Virtual Machines and High Availability

Support for Clustering Virtual Machines was introduced in Windows Server 2008 running the Hyper-V Role and has been continued in the versions that followed.

Windows Clustering includes many components such as Cluster Service, Resource Monitors, Node Manager, Membership Manager, Event Log Processor, Failover Manager, and Cluster Database Manager. The whole purpose of Failover clustering is to provide high availability of application resources. Clustering doesn’t get involved in deciding how much CPU and Memory should be utilized by an application.

An application running in the clustering environment must be cluster-aware. A cluster-aware application supports the functions executed by the cluster service or its components as shown in Figure 1.1. There is no way for Cluster Service to know about the availability of resources of an application in the cluster unless the application is cluster-aware. For example, if a node holding the application resources fails, the Cluster Service running on that node must be notified in order to start the failover process for the application’s resources. Cluster Service does this by receiving the responses from the Resource Monitor. The Resource Monitor tracks the Virtual Machines with the help of Resource DLLs provided by Hyper-V Role.

You cannot cluster Virtual Machines running on Virtual Server. The Virtual Machines running on Virtual Server do not provide any Resource DLL which can be used with the clustering software to make them highly available. On the other hand, the Virtual Machines running on Hyper-V are fully cluster-aware Virtual Machines, supporting/responding to all functions executed by the cluster service. The Resource DLL of Hyper-V Virtual Machines, which supports all the functions, is VMCLUSRES.DLL. Hyper-V provides only one DLL for its Virtual Machines in the cluster. There are not any other DLLs provided by the Hyper-V Role. We will discuss that DLL in detail in this article.

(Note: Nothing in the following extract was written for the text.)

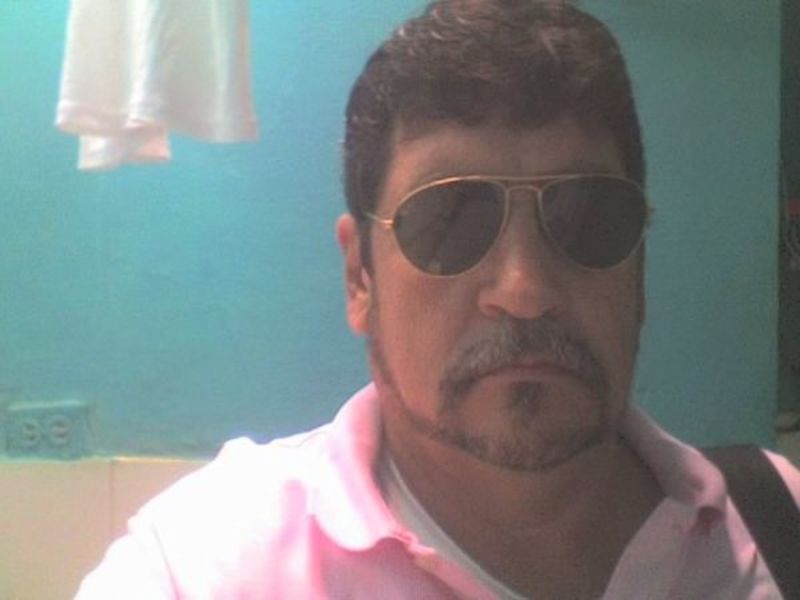 Date this voluptuous Colombia man Gustavo from Medellin CO18611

Tip:A Resource DLL is a separate application component that is specifically written to support cluster functions (for example, Open, Terminate, Online, Offline, Retry and so on).

The Clustering Software Resource Monitor tracks the Hyper-V Virtual Machines availability through VMCLUSRES.DLL by performing two checks: IsAlive and LooksAlive. Implementing these tests is application specific and hence why cluster-aware applications are expected to provide their resource DLL. The Cluster Server doesn’t need to know about application-specific functions. It just executes the functions provided by the Resource DLLs. Hyper-V implements many other functions in its Resource DLL. The functions are shown in Figure 1.1. These functions are Hyper-V virtual Machine-specific and not related to clustering in any way.

Tip:The two basic checks (IsAlive and LooksAlive) are supported by every Resource DLL or cluster-aware application.

 

FIGURE 1.1–Cluster Components and Hyper-V Cluster Resource DLL.

In Figure 1.1 you can see, the DLL VMCLUSRES.DLL, is installed when the Hyper-V Role is enabled initially. Before you can cluster Virtual Machines running on Hyper-V, you need to install the Failover Clustering Software on Windows Server 2008 or 2008 R 64-bit edition. After installation is completed, you click on “Services and Applications” in Failover Cluster Management and then select the “Virtual Machines” as Cluster resource.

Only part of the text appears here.